In summary, critical, interconnected and frequently
dependent components needed to ensure robust, private secondary markets for
securities and bonds include:
·
Volume and frequency
·
Programs and eligibility
·
Rates and yields (including prepayment and
reinvestment risks)
·
Bundling and segmenting
·
Underwriting
·
Selling and representations
·
Hedging and swaps
·
Risk-return tradeoffs
·
Governance and reporting
·
Standardization of contracts across conforming
and non-conforming
·
Consistency and correlation of loan types
·
New or emerging fixed income instruments
While the above list is not comprehensive, it serves as a
guide for the chicken-and-egg originate and invest models—lenders want to lend
and mitigate risks by selling securities, investors want risk-attributed
products, and the money of fixed income and secondary sales go back into the
lending community to make more credit available. For some of us, the 1997-2006 mindset of
“throwing loans over a fence” for investor and secondary markets never really
worked—and it has proven 100% far from wise.

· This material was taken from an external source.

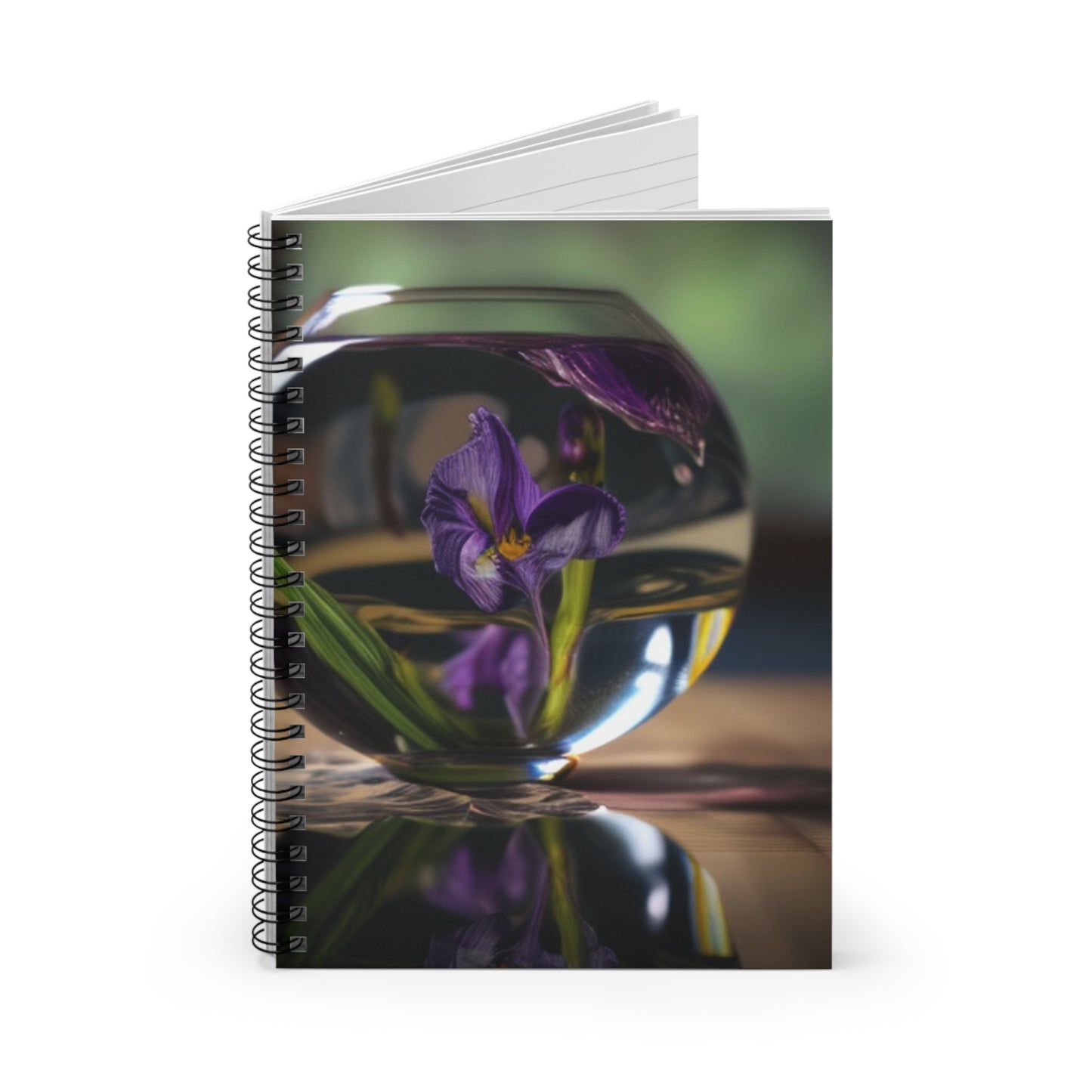 Spiral Notebook - Ruled Line Purple Iris in a vase 1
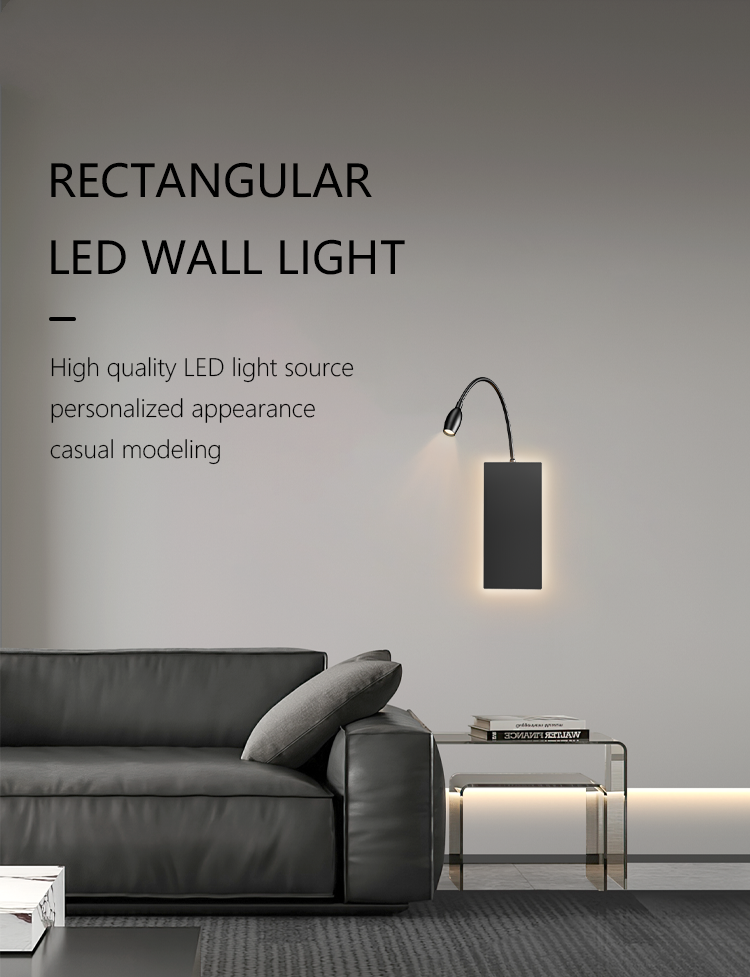 Modern Simple Bedroom LED Reading Wall Lamp Square Bedside White USB Wireless Charging Rotatable Switch Black Bedside Wall Lamp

When the organizations finally accept the tight couplings
between strategies and models from the originating and investment worlds,
viable, long-term solutions can be reached and the crisis will finally turn the
corner. With the disposition of the
GSE’s now beginning in earnest, the time is now to begin to plan out and accept
the markets without 100% government buying, securitization, and
guarantees.
Bottom line, until origination strategies align beyond
government sponsorship and into private investor community demands and
expectations, the housing markets will languish. Until the questions are asked and answered,
the U.S. housing market will be a government controlled and dictated one driven
by excessive regulations and arcane, political demands. Until we prepare for a new housing future of
origination to invest with new fixed-income instruments and operational
linkages, the markets will always be a shadow of their former glory.
We know the questions.
Are we prepared for the answers?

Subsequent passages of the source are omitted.